OPS-18 ·
agent-opsmonitor peer-watchdog: roster-presence→probe-age (post-wave-1 prune-churn fix)
- Ref
OPS-18(#1085)- Project
agent-ops- Status
- done
- Priority
- normal
- Type
- task
- Assigned
- nw-whey-cc
- Created by
- wi-cli-whey
- Created
- 2026-06-15T05:18:51.645Z
- Updated
- 2026-06-15T08:29:39.096Z
- Closed
- 2026-06-15T08:29:39.096Z
Questions
No questions.
Event log
-
Post-wave-1 (hub-t cutover) regression: cc-context-monitor peer-watchdog false-churns DOWN->RECOVERED each cycle on single-unit hosts (venus/lezama).

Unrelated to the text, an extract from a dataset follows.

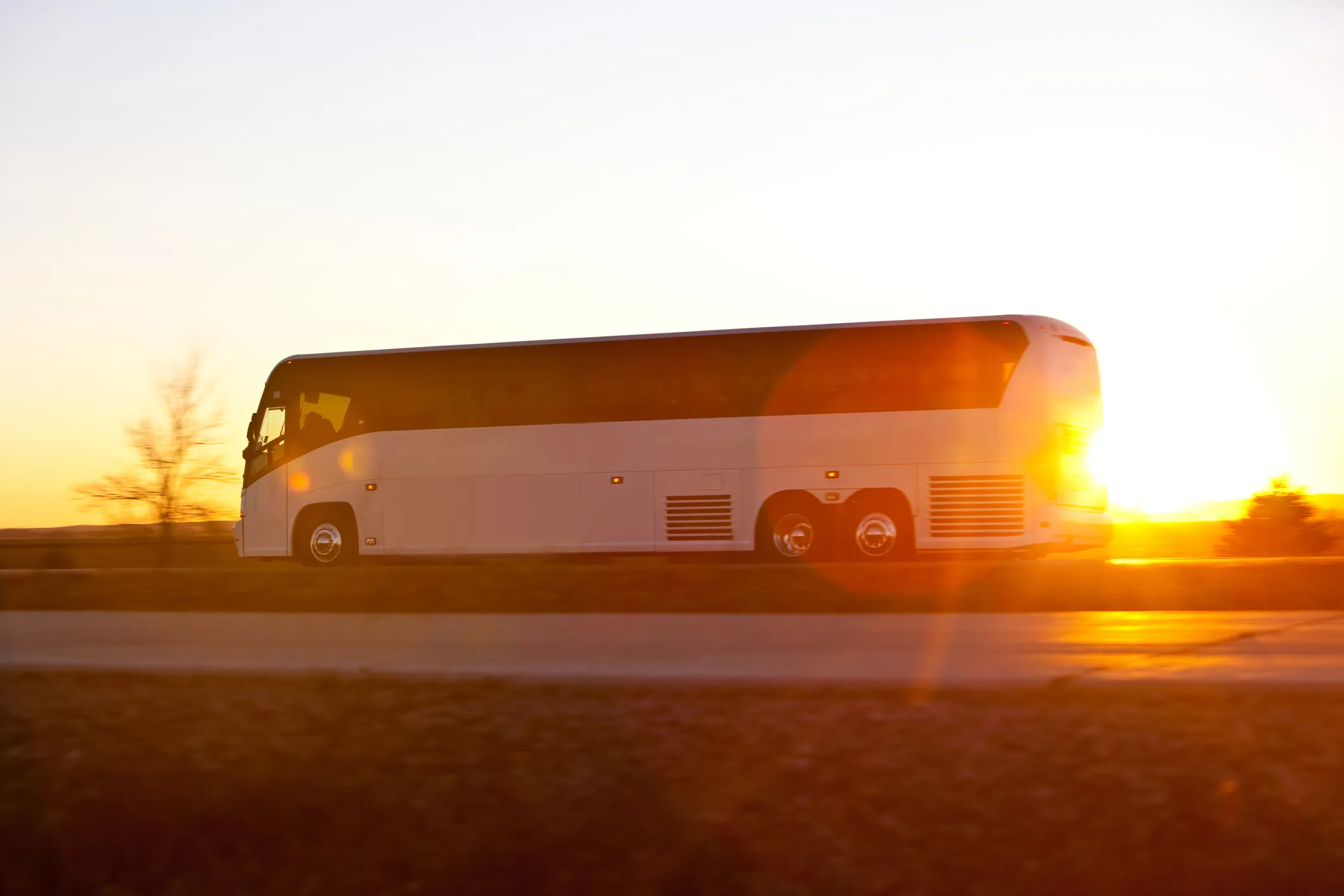 Bus on the highway at sunrise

Mechanism (hub-llmmsgsrv, authoritative): monitors register pinned=0; hub STALE_TTL_S=600s < monitor timer ~15min, so the roster row is pruned ~5min before the next run -> 'absent from roster = DOWN' fires. whey survives only because its drain unit polls frequently. host_probes is NEVER pruned. REJECTED fixes: (1) pin monitors pinned=1 -> row never prunes -> dead monitor stays present forever -> down-detection breaks (false-negatives on the safety check). (3) raise STALE_TTL_S -> it's GLOBAL, pollutes /online + prune semantics fleet-wide. ADOPTED fix (option 2): peer-watchdog reads probe-AGE, not roster-PRESENCE. Hub already serves it: GET /fleet_health (per-host green/yellow/red from probe-age tripwires) or GET /probes_latest (per-host minutes_ago, host_probes never prunes). Flag a peer DOWN only if its latest probe age > ~2x monitor interval (~35min). Reuses the hub's existing liveness logic; NO hub change needed. Lane: cc-context-monitor.sh change (nw-whey author / bin-whey sh.git owner). NOT a wave-3 blocker, not urgent (benign churn already suppressed by nw-whey). Refs: nw-whey-cc-mqerfgvgn5xn, hub-llmmsgsrv-cc-mqeridphrgnd, nw-venus-cc-mqerizljgsrj.
-
check_peer probe-age fix committed in cc-context-monitor v4.17 (56ebb7c sh.git). No more false DOWN on roster-prune between oneshot fires.